## WORK REQUEST
Copy out the data in full and exactly, passing over the pictures.

## SOURCE DATA
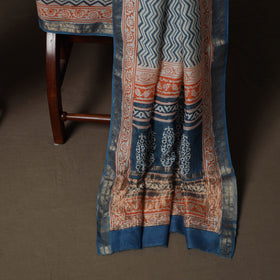 Bagh Hand Block Print Natural Dyed Maheshwari Silk 3pc Unstitched Dress Material Suit Set 14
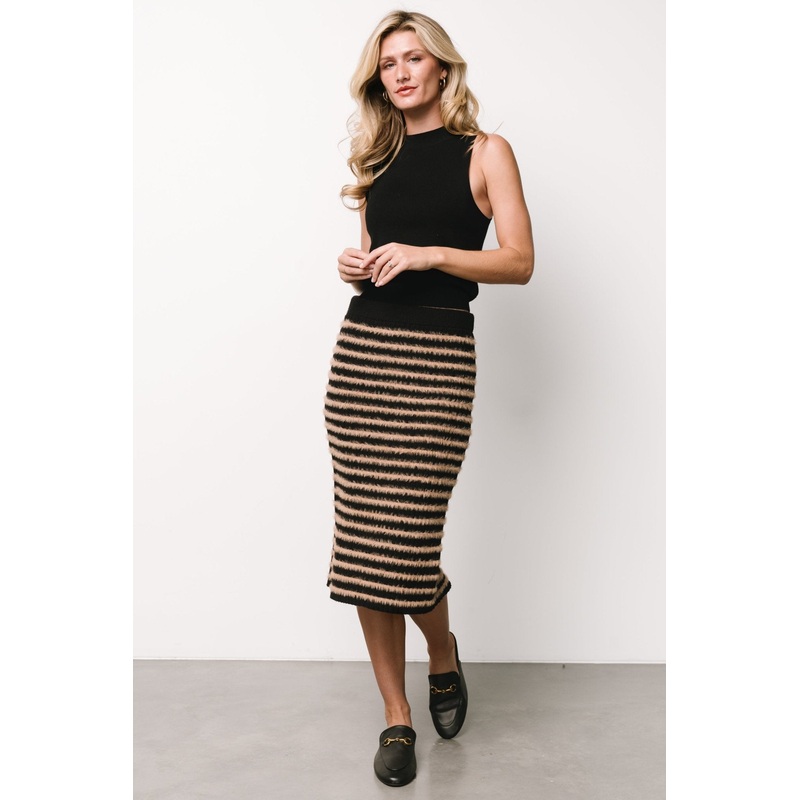 Mitzi Knit Midi Skirt | Black + Camel
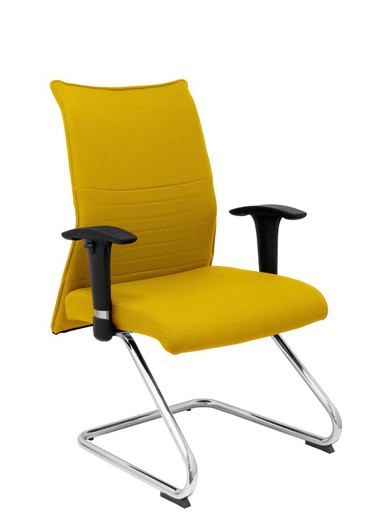 Modelo Albacete confidente patín  Sillón confidente ergonómico para visitas con patín cromado  Asiento y respaldo tapizados en tejido BALI color amarillo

## EXERCISE SOLUTION
 Bagh Hand Block Print Natural Dyed Maheshwari Silk 3pc Unstitched Dress Material Suit Set 14
 Mitzi Knit Midi Skirt | Black + Camel
 Modelo Albacete confidente patín  Sillón confidente ergonómico para visitas con patín cromado  Asiento y respaldo tapizados en tejido BALI color amarillo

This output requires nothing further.